Video
What Is Video?
Video is a technology for capturing, storing, transmitting, and displaying sequences of still images in rapid succession to create the perception of motion. Each image in a video sequence is called a frame, and the rate at which frames are displayed, measured in frames per second (fps), determines how smoothly motion is perceived. Standard broadcast television operates at 25 or 30 fps, while high-frame-rate systems used in cinema and gaming extend to 60 fps or beyond.
Video draws its roots from analog television, where an electromagnetic signal encodes a continuous stream of brightness and color information. The transition to digital video in the 1980s and 1990s transformed the field: frames became discrete grids of pixels, and values for luminance and chrominance could be processed, stored, and transmitted with the same mathematical tools applied to other digital signals. The IEEE Signal Processing Society identifies video as one of the primary domains where digital signal processing finds application, alongside audio and communications.
Capture and Sensing
The front end of any video system is an image sensor that converts incoming light into electrical signals. Two sensor families dominate: charge-coupled devices (CCDs) and complementary metal-oxide-semiconductor (CMOS) active pixel sensors. CMOS sensors, described in detail in foundational IEEE research on camera-on-a-chip technology, offer integration of on-chip circuitry, lower power consumption, and lower manufacturing cost than CCDs, which drove their adoption in smartphones, security cameras, and broadcast cameras. Lenses, color filter arrays, and analog-to-digital converters complete the capture chain, converting optical input into a stream of quantized pixel values.

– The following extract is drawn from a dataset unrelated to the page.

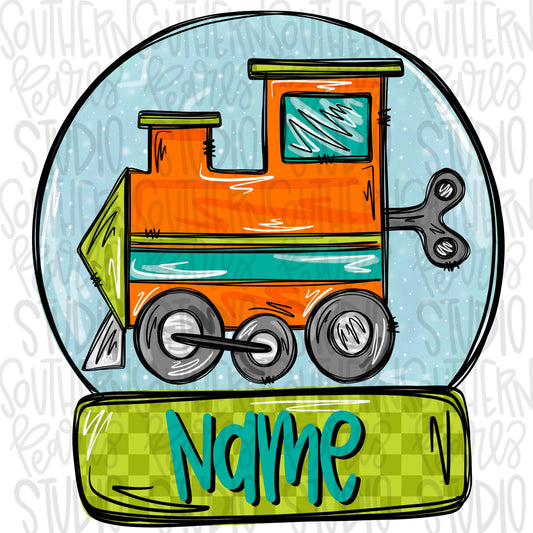 Boy wind up train in snow globe | Sublimation Design | Digital Download | Women’s, Kids Shirt PNG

Representation and Formats
Digital video is represented using color models, most commonly YCbCr, which separates luminance (Y) from two chrominance components. This separation allows the chrominance channels to be sampled at lower resolution, a technique called chroma subsampling (typically 4:2:0), which reduces data volume by roughly half without a perceptible drop in quality for most viewers. Resolution standards range from standard definition (480 lines) through high definition (720p and 1080i/p) to ultra-high definition (4K and 8K). Frame rates, bit depth, dynamic range (SDR versus HDR), and color gamut collectively define the quality envelope of a video stream, and the choice of parameters depends on the intended delivery medium, from broadcast television to streaming to cinema production.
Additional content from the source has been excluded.